Porcine reproductive and respiratory syndrome (PRRS) is the most economically important swine disease in the United States of America, with industry impact being estimated to cost over $600 million annually (1). PRRS is characterized by reproductive failure and late-term abortion in sows, respiratory diseases in all age of pigs, and occasional neurological signs (2–4). The PRRS virus (PRRSV) was first identified as an etiological agent in both the United States and the Netherlands in 1991–1992 (5, 6), although the initial emergence is believed to have occurred earlier. Taxonomically, PRRSV is currently classified into two species: Betaarterivirus americense (with virus name PRRSV-2, previously known as North American genotype) and Betaarterivirus europensis (with virus name PRRSV-1, previously known as European genotype). In the United States, both species are detected but the majority of detections and economic loss are caused by PRRSV-2 (7).

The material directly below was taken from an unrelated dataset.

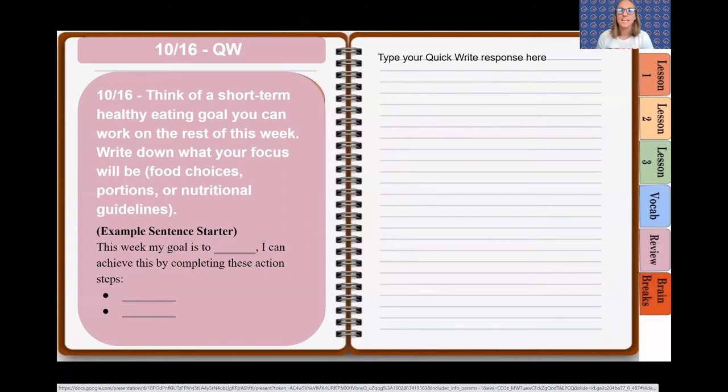Hey Spartans, Mrs. May here. Today is Friday, it's the end of the week. It is the 16th of October, and here is your quick write.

In 1998, restriction fragment length polymorphism (RFLP) typing based on the cutting patterns of PRRSV-2 ORF5 by three restriction enzymes MluI, HincII, and SacII was introduced to differentiate the RespPRRSV/Ingelvac PRRS MLV vaccine virus (RFLP 2-5-2) from wild-type strains (8). Since then, RFLP typing has been widely used in North America to describe PRRSV-2 genetic diversity (9). However, it has become evident that RFLP itself has limited usefulness in indicating if two strains of PRRSV-2 are genetically similar or distinct (9, 10). In 2010, an ORF5-based phylogenetic classification was proposed to describe PRRSV-2 genetic relatedness and diversity (11). In that study, nine lineages (L1–L9) and 37 sublineages were proposed based on analysis of 8,624 global PRRSV-2 ORF5 sequences. Although the 9-lineage system was adopted for use worldwide, the proposed 37-sublineage system has not been globally used. Lineage 1 was the dominant detection circulating in the United States over the past decade and continues to diversify. To better characterize lineage 1 viruses, in 2019, Paploski et al. (12) divided lineage 1 into L1A–L1E based on analysis of 4,390 U.S. PRRSV-2 ORF5 sequences, with L1D being divided into L1D alpha and L1D beta. In 2021, the same research group added three more sublineages L1F–L1H after analyzing 21,211 U.S. PRRSV-2 ORF5 sequences (13). Yim-Im et al. (14) further refined the phylogenetic classification of PRRSV-2, building upon the prior classification schemes but utilizing a substantially expanded dataset comprising 82,237 global ORF5 sequences. The latest iteration classified global PRRSV-2 ORF5 sequences into 11 lineages (L1–L11) and 21 sublineages (L1A–L1F, L1H–L1J, L5A–L5B, L8A–L8E, and L9A–L9E), with each lineage representing a monophyletic clade (14). Additionally, prior sublineages were revised. For example, L1G was redefined as part of L1B and the use of L1G is discontinued, L1D alpha was redefined as part of L1E with the discontinued use of L1D alpha, and L1D beta was renamed as L1D with the discontinued use of L1D beta (14). Lineages within the latest iteration had within clade distances typically <11% and between clade distances typically >11%. Despite the best effort to be maximally comprehensive, PRRSV variants are continually detected that do not fall into the classification scheme.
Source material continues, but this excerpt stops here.